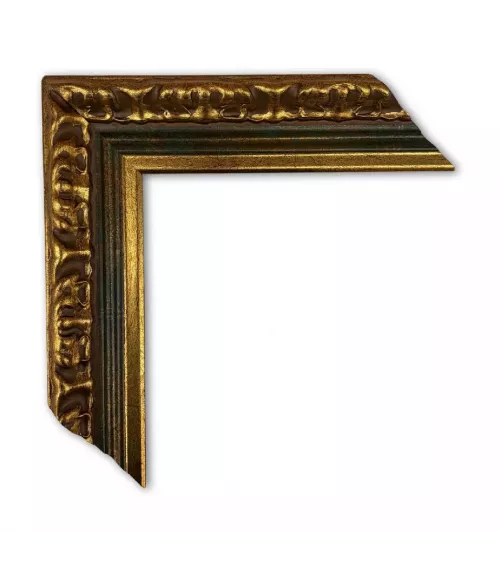 MOLDURA CLASICA DORADA CON DISEÑO EXTERIOR Y FONDO VERDE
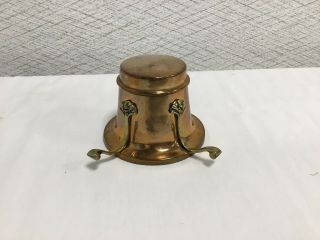 Vintage William Tonks And Sons Copper And Brass Inkwell With Porcelain Insert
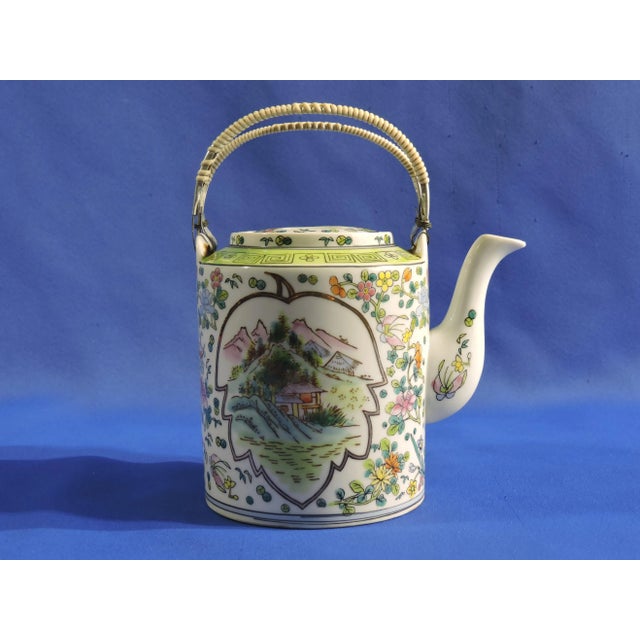 Mid 20th Century Chinese Famille Rose Hand Painted Lotus Leaf Cartouche Design Porcelain Tea Pot For Sale - Image 4 of 11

--- WORK REQUEST ---
With images omitted, output the data exactly as given.

--- EXERCISE RESPONSE ---
 MOLDURA CLASICA DORADA CON DISEÑO EXTERIOR Y FONDO VERDE
 Vintage William Tonks And Sons Copper And Brass Inkwell With Porcelain Insert
 Mid 20th Century Chinese Famille Rose Hand Painted Lotus Leaf Cartouche Design Porcelain Tea Pot For Sale - Image 4 of 11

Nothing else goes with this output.